Dilans Gelar InclusiFest 2023


Bandung - Bagian dari rangkaian kegiatan peringatan Hari Disabilitas International pada 3 Desember dan HAM International 10 Desember, masyarakat yang tergabung dalam Disabilitas dan Lansia atau DILANS, menyelenggarakan InclusiFest 2023.

Menurut Presiden Dilans Indonesia M. Farhan Helmy, festival tahunan multipihak dalam rangka sosialisasi dan advokasi isu disabilitas dan lansia serta isu terkait lainnya ke berbagai pemangku kepentingan baik nasional maupun internasional. 

Farhan berharap, kegiatan ini sebagai market place untuk mempertemukan gagasan, pembelajaran, dan berbagai aspirasi untuk melakukan kolaborasi multi-pihak dalam upaya percepatan implementasi pemenuhan hak warga Dilans.

“InclusiFest itu untuk mengukur cara mengukur komitmen Lembaga.
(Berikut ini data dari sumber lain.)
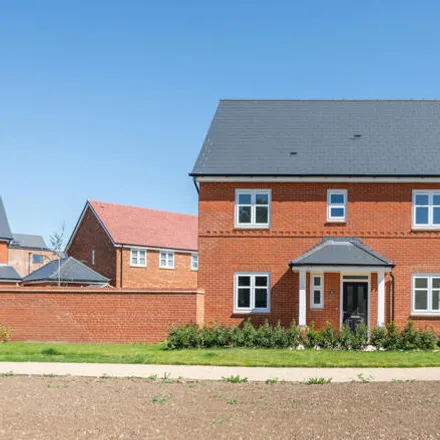 Rent this 4 bed house on Wallingford Sports Park in Hithercroft Road, Wallingford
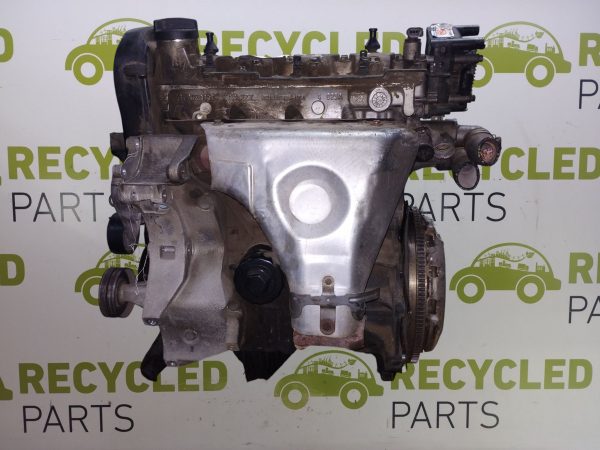 Motor Vw Suran 1.6 8v (05675457)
Saya bercita-cita memenuhi “A” nanti tahun depan sudah sampai mana, nah itu diukur dan dipresetasikan,” ucap Farhan, Minggu (10/12/2023).

“Jadi pastisipan ini ada dari berbagai Lembaga pemerintah dan non pemerintah yang terkait dengan penyandang disabilitas, para aktifis, akademisi,dan media juga,” imbuhnya. 

Farhan menambahkan, dalam InclusiFest kali ini pihaknya juga melakukan kerjasama dengan sejumlah instansi maupun lembaga, baik yang langsung berurusan dengan Dilans ataupun tidak. 

“Kerjasama dilakukan untuk mempermudah bagaimana mendapatkan akses alat peraga didalam Pendidikan,” katanya.

Dalam kegiatan InclusiFest 2023 dan Peringatan Hari HAM Internasional ini, Dilans Indonesia juga memberikan apresiasi kepada sejumlah instansi, salah satunya kepada Pemerintah Daerah Provinsi Jawa Barat.

Selain itu dalam InclusiFest 2023, Dilans Indonesia menyampaikan pesan kepada para pemimpin dunia, atas adanya perubahan iklim yang saat ini sedang dibahas.

Berikut Pesan Bandung kepada para Pemimpin dan Warga Dunia: Krisis Iklim, Disabilitas dan Inklusi Sosial.

Penyandang disabilitas rentan terhadap perubahan.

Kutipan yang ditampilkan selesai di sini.